Kompasianer yang terkasih, ini adalah lanjutan dari seri Pelajaran Kehidupan. Ayat 6 mengatakan, bahwa Allah menciptakan cakrawala dengan firman-Nya dan ayat 8 menyatakan, bahwa Allah menamai cakrawala itu langit. Kata cakrawala dari teks Ibrani raqia dari kata raqa. Cara paling tepat untuk menemukan arti kata raqia adalah melihat konteks pemakaiannya dalam Kejadian pasal 1. Kata raqia menunjuk pada tempat Allah meletakkan benda-benda penerang (ayat 14-15,17) sekaligus tempat burung-burung hidup (ayat 20). Di ayat 8, raqia disebut samayim (langit). Dari penggunaan ini terlihat bahwa kata raqia dipahami Musa (penulis Kejadian) dan pembacanya secara fenomenologis. Artinya, semua dilihat dari perspektif sehari-hari penulis atau apa yang diamati dalam kehidupan praktis sehari-hari.

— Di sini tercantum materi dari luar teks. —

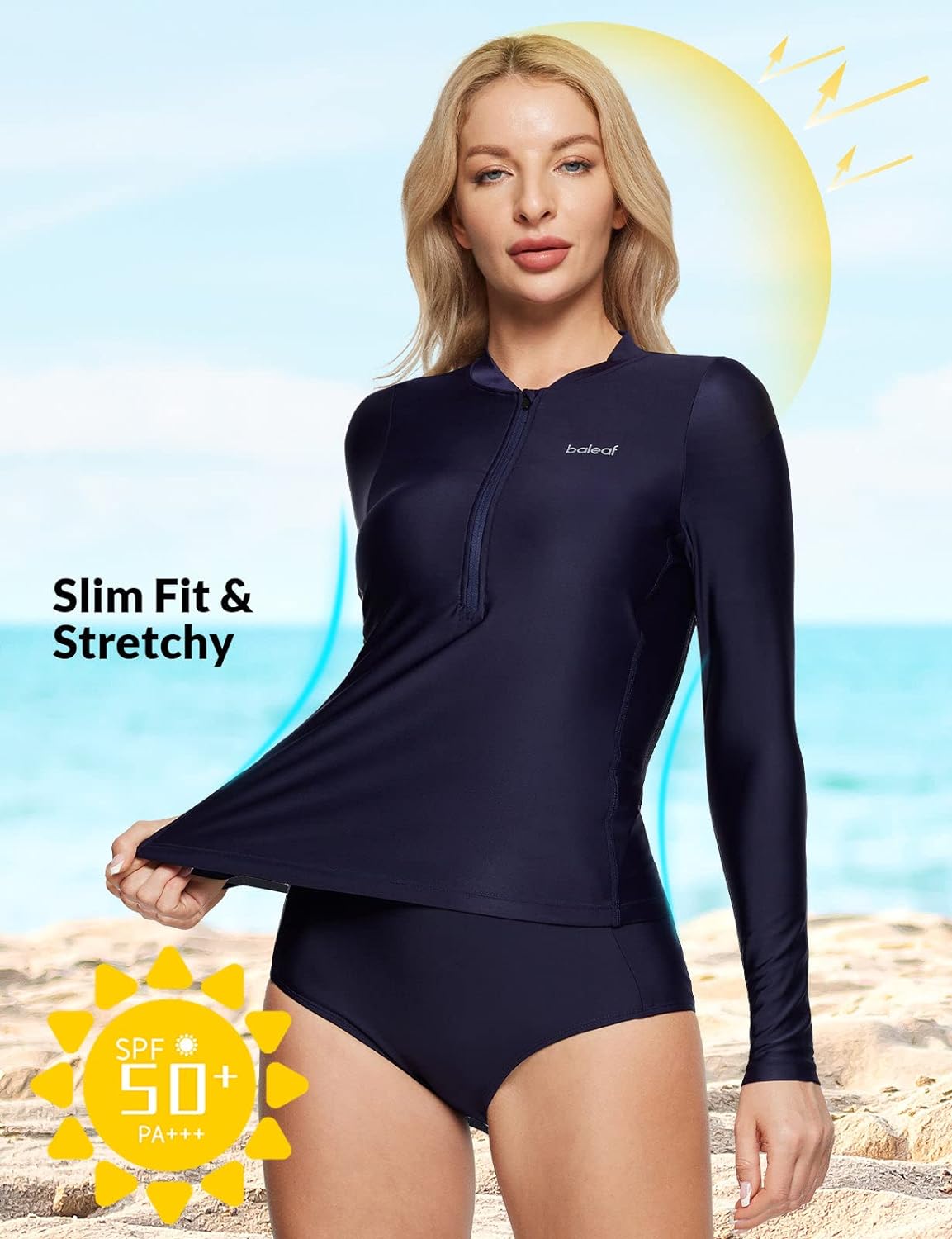 Baleaf Womens Half Zip Rash Guard Built In Bra Uv Spf Sun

Fungsi dari raqia adalah untuk memisahkan air yang di atas dan air yang di bawah. Yang dimaksud dengan air yang dibawah adalah air yang nanti akan diatur lagi dan dikumpulkan menjadi satu tempat sehingga menjadi laut (ayat 9). Sedangkan air yang di atas kemungkinan besar merujuk pada titik-titik air di awan-awan. Dalam konsep kosmologis Alkitab, awan dipahami sebagai penghasil hujan. Pemisahan air yang di atas dan air yang di bawah harus dipahami sebagai tindakan Allah yang berkuasa dan penuh kasih. Allah berkuasa karena keberadaan cakrawala membuktikan bahwa Dia telah menguasai kekacauan di ayat 2. Allah penuh kasih karena tindakannya ini (yang nanti diikuti oleh penataan laut di ayat 9-10) memungkinkan manusia untuk hidup di darat dan tanah pun bisa menghasilkan makanan bagi manusia (ayat 11-12).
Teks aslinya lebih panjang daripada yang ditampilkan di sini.